YOUR GOAL → Please restate each entry word for word and leave the pictures out.

★ ★ ★ ★

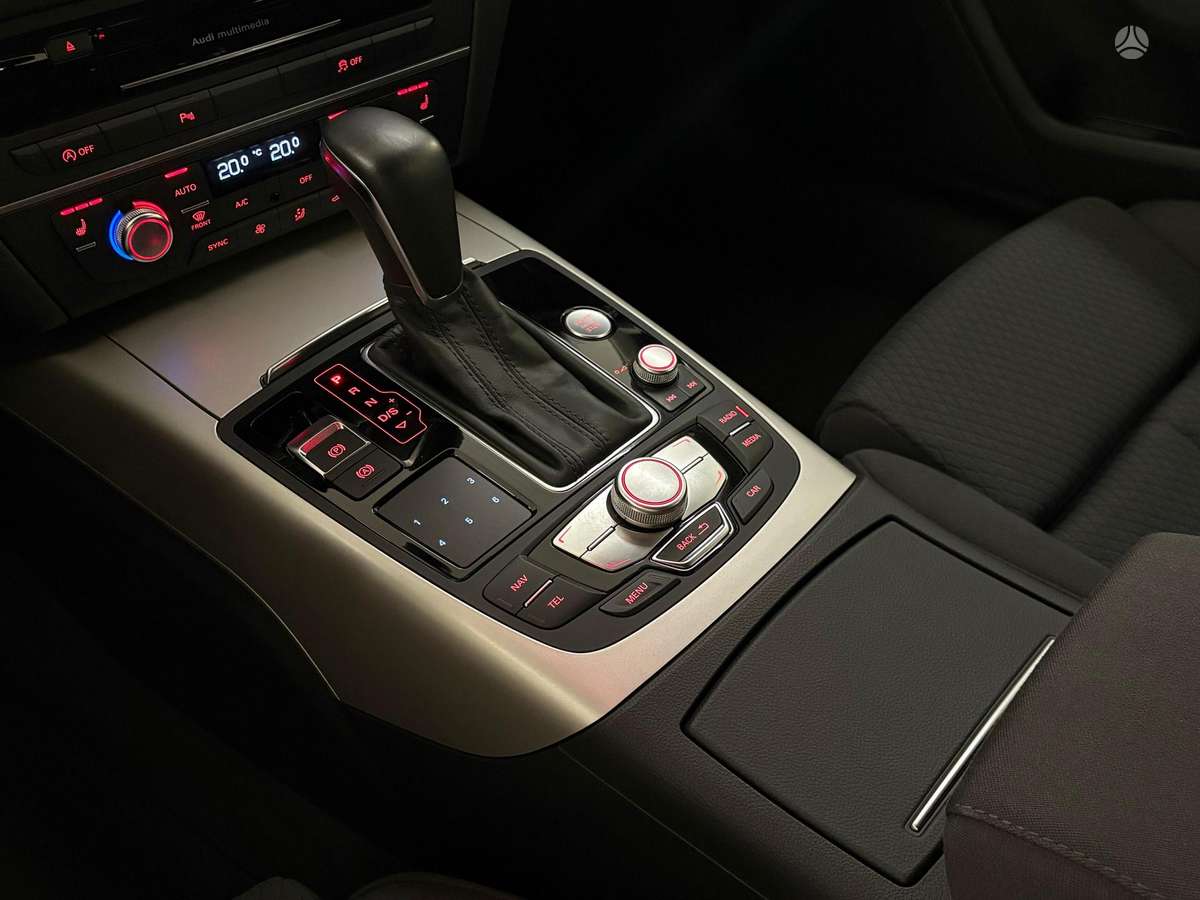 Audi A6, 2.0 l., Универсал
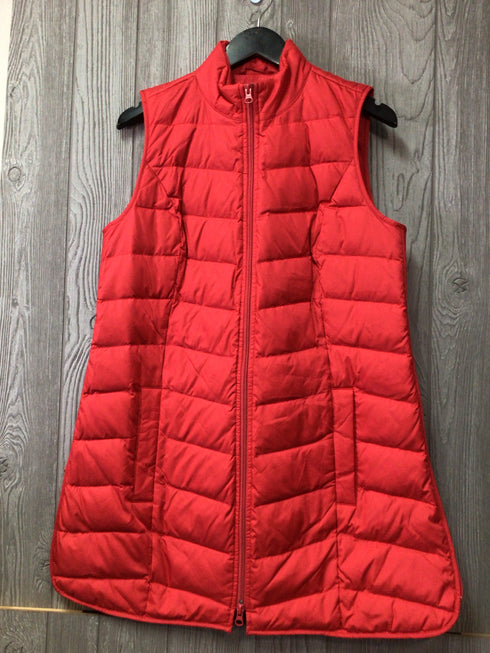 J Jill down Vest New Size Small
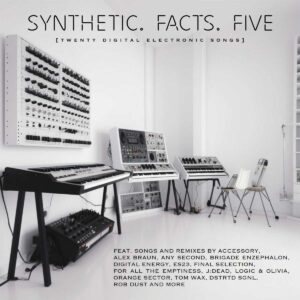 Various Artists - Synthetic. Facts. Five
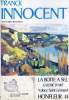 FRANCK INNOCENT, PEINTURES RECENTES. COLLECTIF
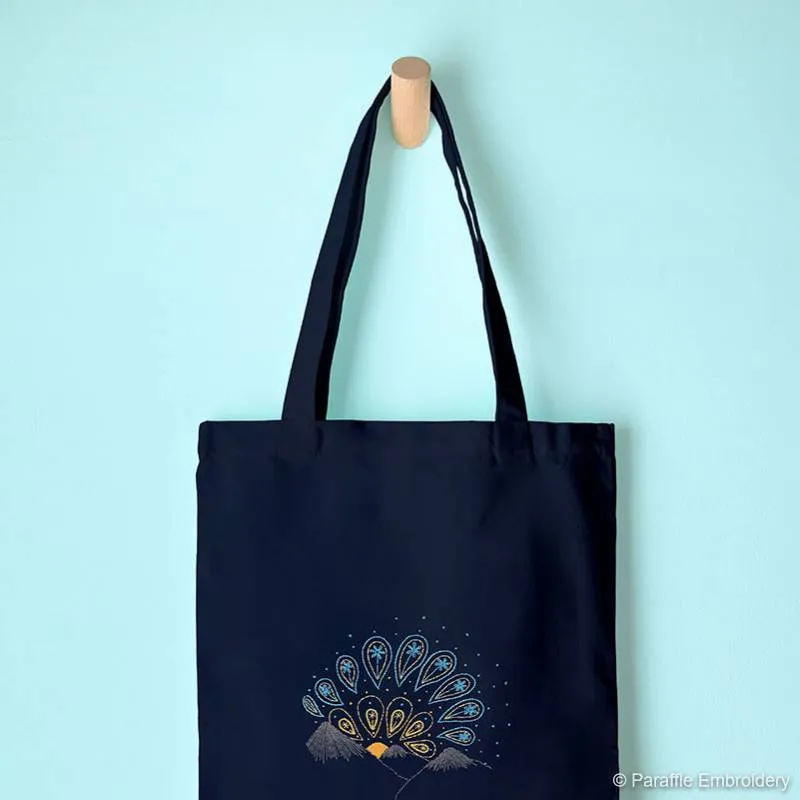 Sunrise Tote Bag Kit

★ ★ ★ ★

EXERCISE RESPONSE →
 Audi A6, 2.0 l., Универсал
 J Jill down Vest New Size Small
 Various Artists - Synthetic. Facts. Five
 FRANCK INNOCENT, PEINTURES RECENTES. COLLECTIF
 Sunrise Tote Bag Kit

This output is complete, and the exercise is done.